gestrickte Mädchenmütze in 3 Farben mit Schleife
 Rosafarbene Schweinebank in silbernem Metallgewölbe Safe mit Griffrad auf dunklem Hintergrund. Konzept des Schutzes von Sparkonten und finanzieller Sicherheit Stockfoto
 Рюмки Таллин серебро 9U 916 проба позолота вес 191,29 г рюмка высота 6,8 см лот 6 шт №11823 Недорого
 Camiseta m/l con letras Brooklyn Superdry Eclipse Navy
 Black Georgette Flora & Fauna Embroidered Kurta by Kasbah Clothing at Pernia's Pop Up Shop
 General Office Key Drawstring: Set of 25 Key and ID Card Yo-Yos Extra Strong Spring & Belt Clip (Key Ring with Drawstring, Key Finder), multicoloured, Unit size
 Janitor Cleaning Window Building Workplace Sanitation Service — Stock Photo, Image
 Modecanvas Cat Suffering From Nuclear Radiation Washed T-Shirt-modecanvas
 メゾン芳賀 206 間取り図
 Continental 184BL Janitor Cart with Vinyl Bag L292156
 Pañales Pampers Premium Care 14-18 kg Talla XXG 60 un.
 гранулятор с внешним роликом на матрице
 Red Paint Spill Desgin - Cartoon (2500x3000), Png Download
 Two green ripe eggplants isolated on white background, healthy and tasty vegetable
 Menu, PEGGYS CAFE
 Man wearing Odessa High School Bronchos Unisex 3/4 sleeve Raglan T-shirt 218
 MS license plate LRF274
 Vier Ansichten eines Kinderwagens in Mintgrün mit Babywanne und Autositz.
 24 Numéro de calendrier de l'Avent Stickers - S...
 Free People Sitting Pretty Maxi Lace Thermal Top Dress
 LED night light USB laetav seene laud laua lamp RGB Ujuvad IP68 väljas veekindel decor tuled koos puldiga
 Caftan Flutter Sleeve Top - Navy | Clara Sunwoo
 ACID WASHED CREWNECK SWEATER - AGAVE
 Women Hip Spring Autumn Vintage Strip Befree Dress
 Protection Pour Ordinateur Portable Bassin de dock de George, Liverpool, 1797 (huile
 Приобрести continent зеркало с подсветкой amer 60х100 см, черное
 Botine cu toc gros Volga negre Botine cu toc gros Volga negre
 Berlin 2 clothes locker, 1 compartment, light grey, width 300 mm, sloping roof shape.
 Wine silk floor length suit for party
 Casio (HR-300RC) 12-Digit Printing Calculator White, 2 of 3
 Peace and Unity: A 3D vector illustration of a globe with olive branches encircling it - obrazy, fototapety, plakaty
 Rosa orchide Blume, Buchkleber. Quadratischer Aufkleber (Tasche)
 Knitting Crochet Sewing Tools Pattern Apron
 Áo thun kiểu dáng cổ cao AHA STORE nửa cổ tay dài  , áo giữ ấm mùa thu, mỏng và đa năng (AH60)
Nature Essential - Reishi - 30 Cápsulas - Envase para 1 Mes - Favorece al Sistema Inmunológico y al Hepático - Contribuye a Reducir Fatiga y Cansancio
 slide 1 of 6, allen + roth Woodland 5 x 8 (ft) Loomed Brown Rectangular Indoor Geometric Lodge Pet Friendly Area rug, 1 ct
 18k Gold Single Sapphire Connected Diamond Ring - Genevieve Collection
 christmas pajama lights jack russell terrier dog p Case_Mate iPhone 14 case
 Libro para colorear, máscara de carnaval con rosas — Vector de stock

## Aim of the task
Return only the lines between the one holding "MS license plate LRF274" and the one holding "Nature Essential - Reishi", inclusive, exactly as they appear above.

## Answer box
 MS license plate LRF274
 Vier Ansichten eines Kinderwagens in Mintgrün mit Babywanne und Autositz.
 24 Numéro de calendrier de l'Avent Stickers - S...
 Free People Sitting Pretty Maxi Lace Thermal Top Dress
 LED night light USB laetav seene laud laua lamp RGB Ujuvad IP68 väljas veekindel decor tuled koos puldiga
 Caftan Flutter Sleeve Top - Navy | Clara Sunwoo
 ACID WASHED CREWNECK SWEATER - AGAVE
 Women Hip Spring Autumn Vintage Strip Befree Dress
 Protection Pour Ordinateur Portable Bassin de dock de George, Liverpool, 1797 (huile
 Приобрести continent зеркало с подсветкой amer 60х100 см, черное
 Botine cu toc gros Volga negre Botine cu toc gros Volga negre
 Berlin 2 clothes locker, 1 compartment, light grey, width 300 mm, sloping roof shape.
 Wine silk floor length suit for party
 Casio (HR-300RC) 12-Digit Printing Calculator White, 2 of 3
 Peace and Unity: A 3D vector illustration of a globe with olive branches encircling it - obrazy, fototapety, plakaty
 Rosa orchide Blume, Buchkleber. Quadratischer Aufkleber (Tasche)
 Knitting Crochet Sewing Tools Pattern Apron
 Áo thun kiểu dáng cổ cao AHA STORE nửa cổ tay dài  , áo giữ ấm mùa thu, mỏng và đa năng (AH60)
Nature Essential - Reishi - 30 Cápsulas - Envase para 1 Mes - Favorece al Sistema Inmunológico y al Hepático - Contribuye a Reducir Fatiga y Cansancio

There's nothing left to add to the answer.